= Beginning of Section =

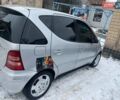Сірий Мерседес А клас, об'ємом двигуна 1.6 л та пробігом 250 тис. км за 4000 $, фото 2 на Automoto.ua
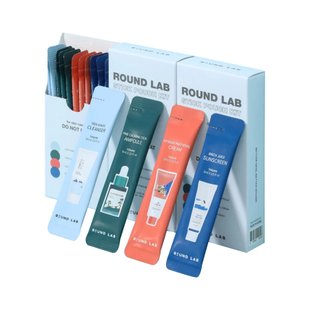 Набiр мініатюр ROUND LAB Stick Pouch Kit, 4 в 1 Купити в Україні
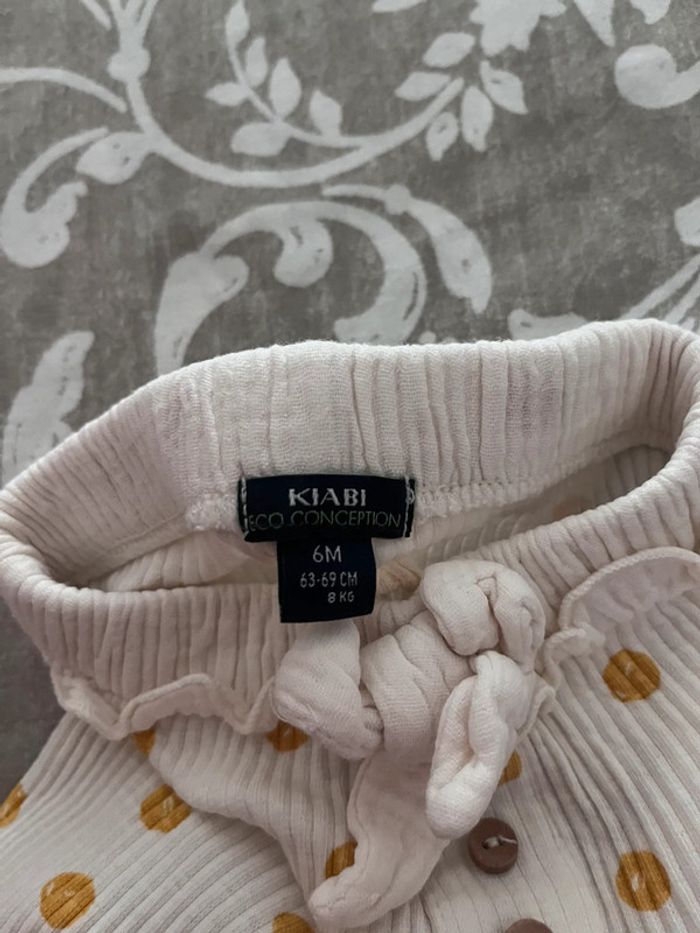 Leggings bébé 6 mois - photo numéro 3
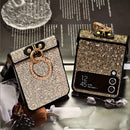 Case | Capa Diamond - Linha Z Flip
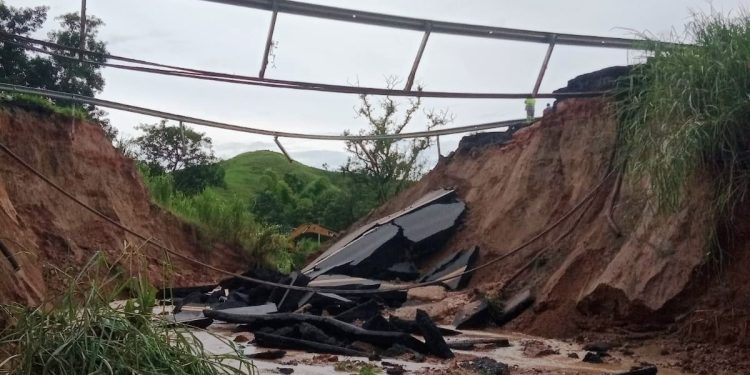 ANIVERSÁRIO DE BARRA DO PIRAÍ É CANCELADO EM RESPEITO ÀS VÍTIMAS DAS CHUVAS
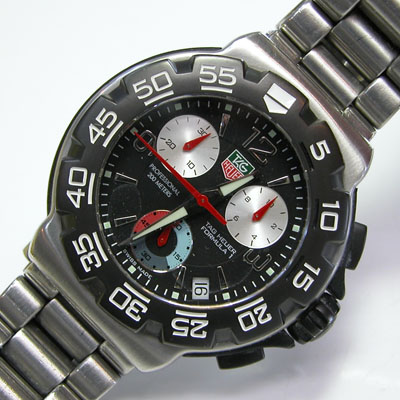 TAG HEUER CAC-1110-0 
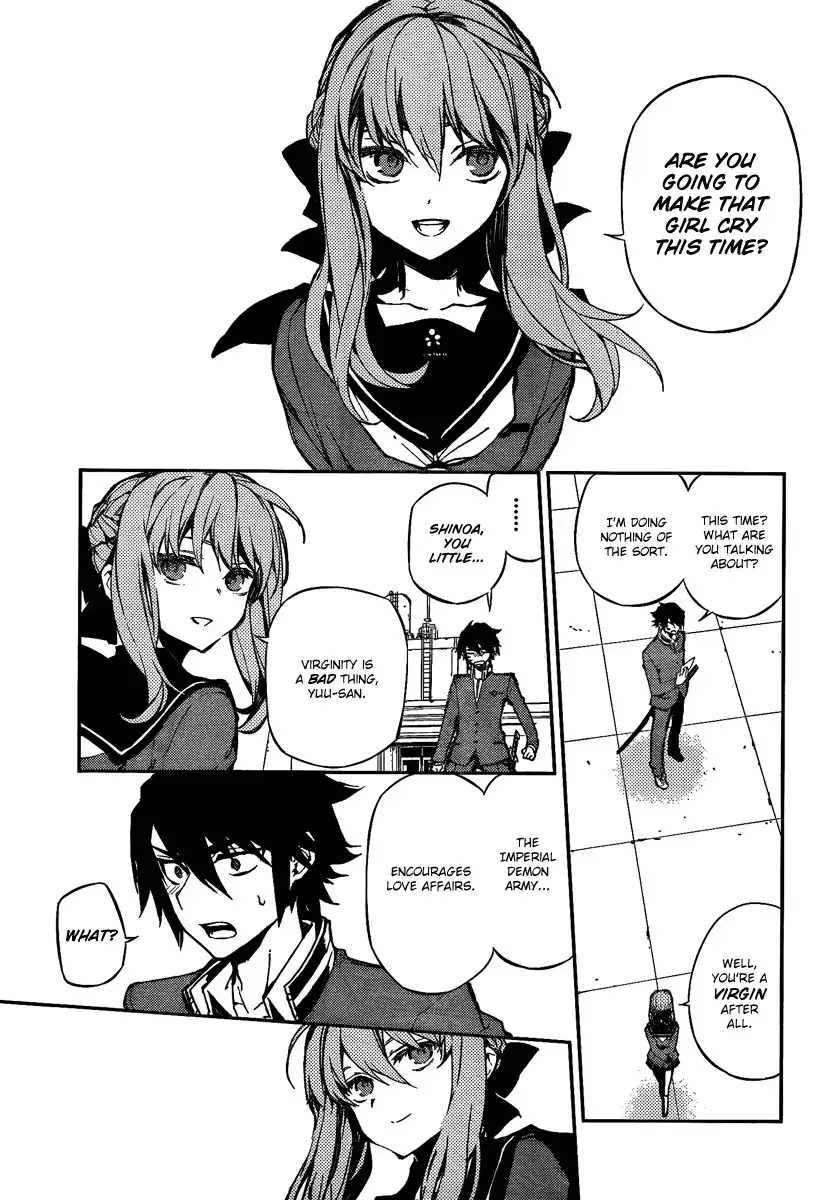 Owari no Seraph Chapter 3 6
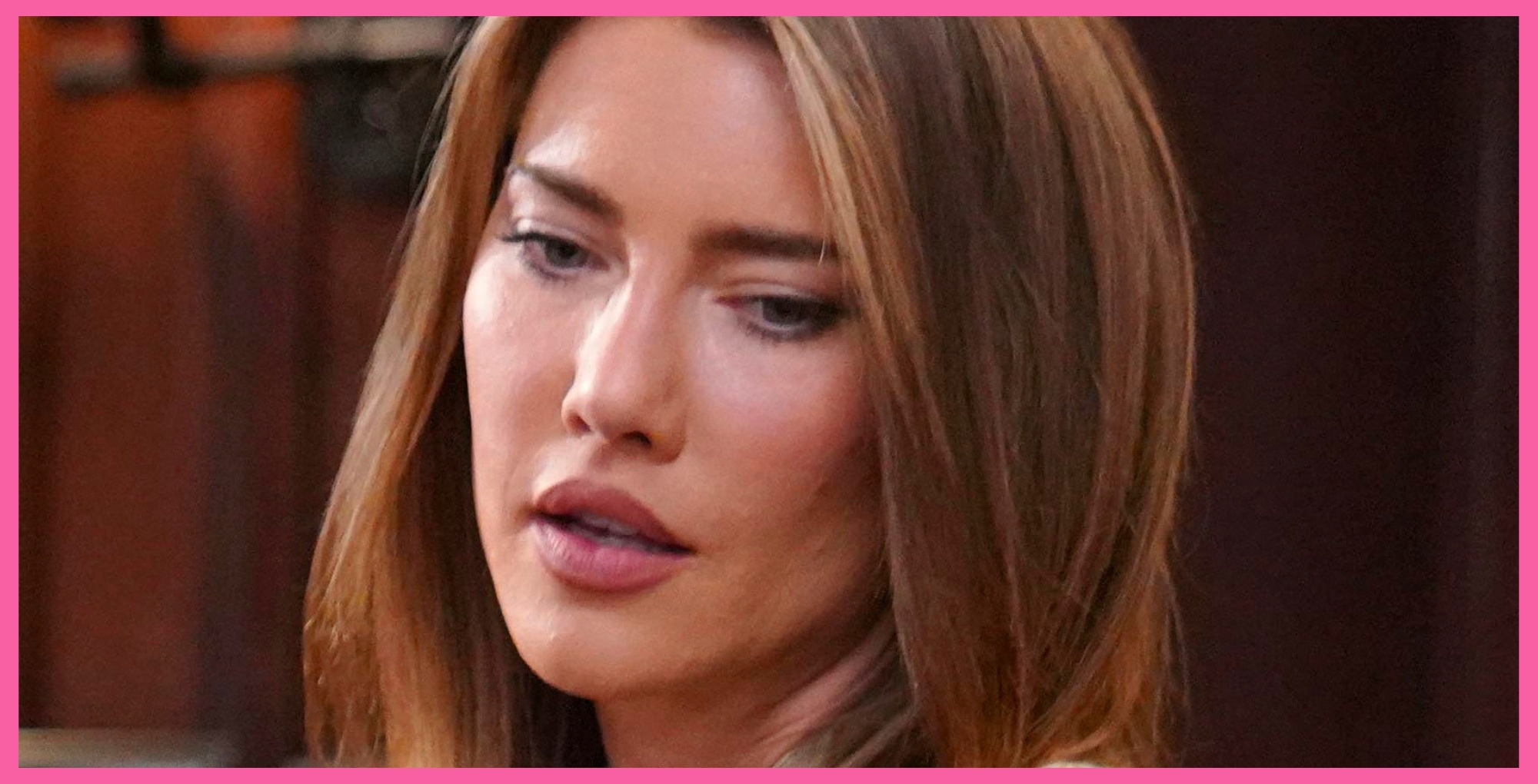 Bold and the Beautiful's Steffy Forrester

= End of Section =

▸ **EXERCISE INSTRUCTIONS**: For the records above, give every line again exactly and skip the pictures.

▸ **RESULT OF THE TASK**:
Сірий Мерседес А клас, об'ємом двигуна 1.6 л та пробігом 250 тис. км за 4000 $, фото 2 на Automoto.ua
 Набiр мініатюр ROUND LAB Stick Pouch Kit, 4 в 1 Купити в Україні
 Leggings bébé 6 mois - photo numéro 3
 Case | Capa Diamond - Linha Z Flip
 ANIVERSÁRIO DE BARRA DO PIRAÍ É CANCELADO EM RESPEITO ÀS VÍTIMAS DAS CHUVAS
 TAG HEUER CAC-1110-0 
 Owari no Seraph Chapter 3 6
 Bold and the Beautiful's Steffy Forrester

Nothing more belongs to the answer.